By the time the writer Thomas Mann left Germany in 1933, democracy in that country was a bygone thing. When he reached the United States in 1938, after years of exile in Europe, the world was on the brink of World War II, pushed there by German nationalism gone crazy under the direction of its mad Nazi dictator, Adolf Hitler.

That same year Mann, the author of “The Magic Mountain” and “Death in Venice,” launched a lecture series across this country. Late in 1938, the published record of Mann’s lectures appeared.

Mann called his new book “The Coming Victory of Democracy.” It was an audacious title, precisely because so many people were embracing – while others were conceding – the coming victory of arbitrary power wielded by governments hostile to human rights and the rule of law.

“America needs no instruction on the things that concern democracy,” Mann wrote with flattering regard for American sensibilities, although the fact that he felt the need to speak and write on the subject suggests, deep in his heart, that perhaps he thought otherwise.

“No worthwhile thing can be neglected,” Mann continued. “Throughout the world it has become precarious to take democracy for granted…. Even America feels today that democracy is not an assured possession, that it has enemies, that it is threatened from within and without….”

Fascism somehow seemed fresh and new in a world weary of economic uncertainty and the inability, in America at least, of democracy to end the suffering of the Great Depression. (Unemployment in the United States was still unacceptably high in late 1938, before the defense production boom got under way which eventually thrust the U.S. into the role of “the arsenal of democracy.”

Fascism had the allure of being different, he said. The “charm of novelty” was one of its selling points. “Fascism is a child of the time,” Mann wrote.

“Yet democracy is timelessly human,” Mann insisted, making it infinitely superior to fascism.

One-man authoritarian government, “opposed to truth, hostile to freedom, and lacking in justice, acts in so low and contemptible a manner because it is devoid of [human] feeling and understanding….”

During World War II, Mann recorded speeches on the BBC for broadcast to the German people. In one speech, the author noted, only half humorously, that Hitler’s preoccupation with the war happily prevented him from making speeches about German culture.
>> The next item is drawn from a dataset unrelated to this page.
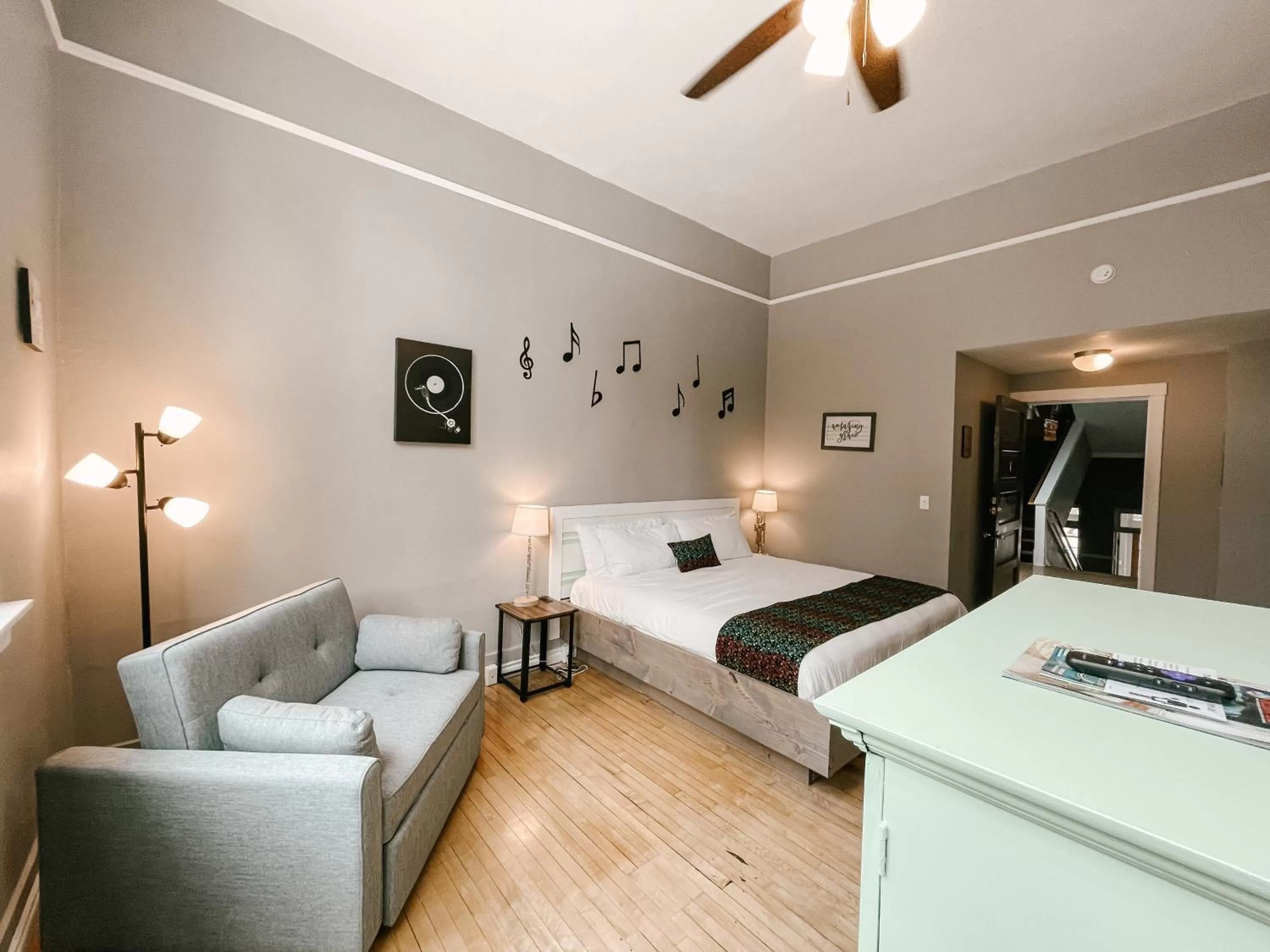 Bed in Northside School Bed & Breakfast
In his 1938 essay on democracy, Mann said that democracy implies “justice.” Two other words for “justice” were “freedom” and “truth,” according to Mann, who added, “It is impossible to decide which should take precedent…. For each expresses the idea [of democracy] in its totality, and one stands for the other.”

Mann, who remained in the United States until early in the 1950s, when he moved to Switzerland, was not foolishly optimistic; he was not a utopian intellectual, a pie-in-the-sky thinker. “The bitter, harsh everyday truth,” he said, was that humankind’s “egoism, its deceitfulness, cowardness, [and] its anti-social instincts” were all too frequently the sum and substance of life.

“Despite so much ridiculous depravity” in the world, Mann insisted that “we cannot forget” that men and women elevate themselves and others in the arts and sciences, in their “passion for truth, the creation of beauty, and in the idea of justice,” and, as the social critic David Brooks has said, in being worthy neighbors and friends, and active for good in their communities.

Evil happens with “the release of stupidity” and escape from the “discipline of reason and intelligence,” Mann wrote in “The Coming Victory of Democracy.”

Democracy needs to be nurtured, always. As Mann put it in 1938, Americans “should put aside the habit of taking [democracy] for granted.” Instead, they should take “the opportunity to renew and rejuvenate” it.

Democracy is voting, but it’s a whole lot more. It’s a way of life, a way of behaving. As defined by Mann and others, it means respecting the dignity of each individual, regardless of their circumstance. A democratically-imbued people look out for one another, respect one another, and recall, with earnest delight, that “life, liberty, and the pursuit of happiness” are the founding principles of the Republic.

It’s impossible to live as an American while rejecting the country’s democratic core.